Closest off-the-shelf cousin to the revenue-per-game guide method. You still set the $90 target.

3. Homebase 💎 BEST VALUE Scheduling and time-clock tier is free for a single location with unlimited employees. Paid tiers (Essentials around $24.95 per location per month, Plus around $59.95, All-in-One around $99.95) are priced per location rather than per head.

For a VR arcade with a deep bench of part-timers and seasonal staff, per-location pricing is dramatically cheaper than per-user tools. Natural pick for an owner watching every dollar who still wants revenue-aware scheduling without an enterprise contract.

4. When I Work Most widely used shift-scheduling app for hourly teams, starting around $2.50 per user per month on the Essentials plan and climbing to roughly $8 per user per month with attendance and labor tools. Handles availability, shift swaps, and mobile clock-in cleanly.

Strong on execution — getting the published schedule onto every game guide's phone with reminders. You bring the headcount math; it runs the logistics.

5. Deputy Runs about $4.50 per user per month for scheduling and $6 for the premium tier that adds time and attendance. Strength is demand-based scheduling: connect a POS feed and Deputy will suggest staffing against projected sales, which maps cleanly onto the revenue-per-game guide math.

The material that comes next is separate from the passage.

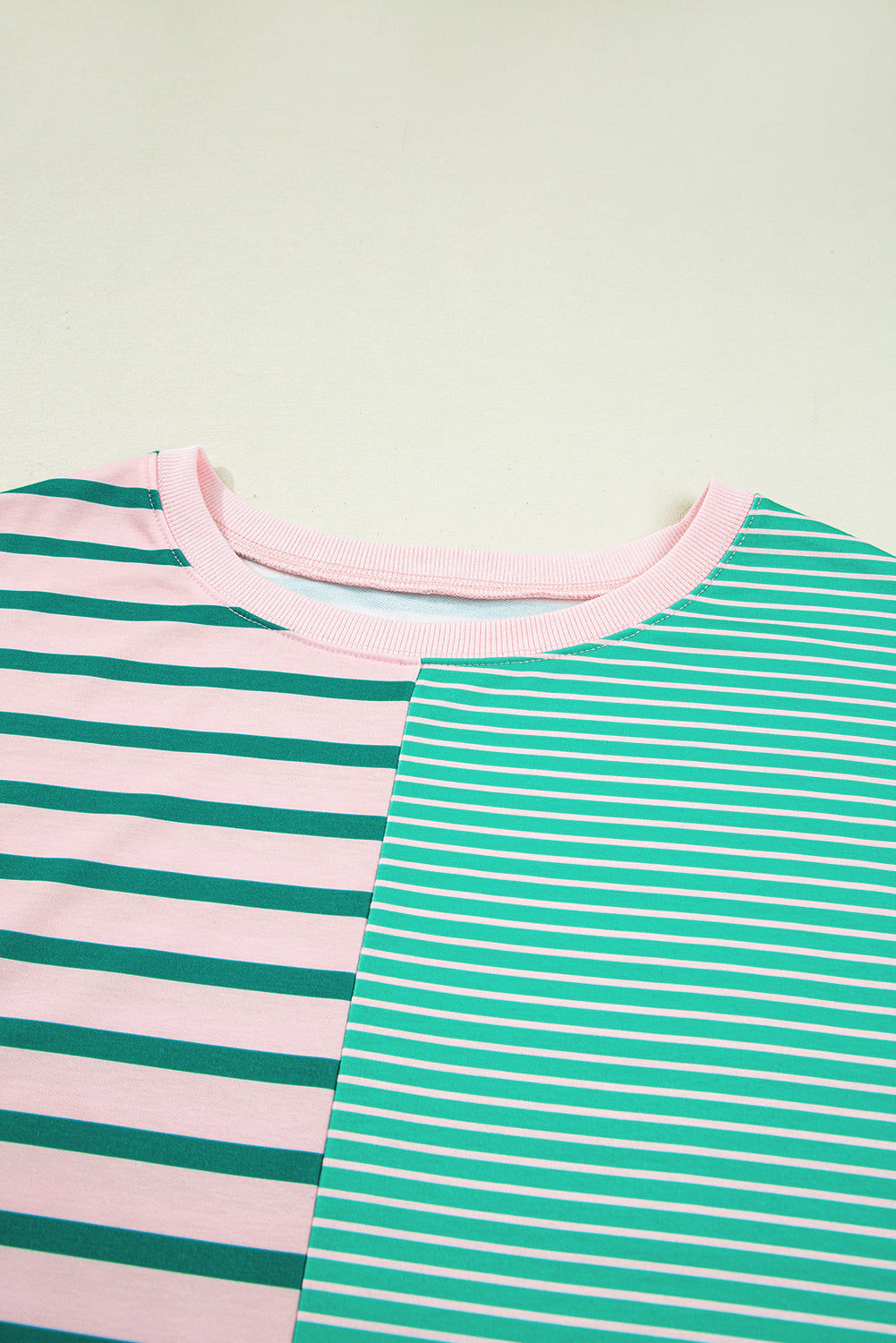 Green Stripe Colorblock Patchwork Side Slit Plus Size Sweatshirt caa5b98941b7d107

Handles compliance — break rules, overtime alerts, fair-workweek laws — which matters once a VR arcade runs minors, long weekend shifts, or multiple locations.

6. Sling A solid scheduling and communication tool for hourly teams. Starts free for basic use, paid plans around $1.70 per user per month for the Standard plan and $3.40 for Pro.

Handles shift templates, availability, and team messaging cleanly. Like When I Work, you bring the headcount math. Good for operators who already know their hourly targets and just need clean logistics.

Final thought: The math doesn't lie. The only question is whether you trust it more than your gut. I've seen too many arcades schedule five people for a Tuesday that does $180 and two people for a Saturday that does $540. Don't be that owner.

If you want the free tool that does the math for you, the PULSE Rep Scheduling Matrix is right here: Rep Scheduling Matrix. No login. No spreadsheet. Just your revenue divided by your target, block by block.

And if you want the full system — the playbook, the benchmarks, the peer group — the CRO Syndicate is where 25-year revenue operators hang out. You know where to find us.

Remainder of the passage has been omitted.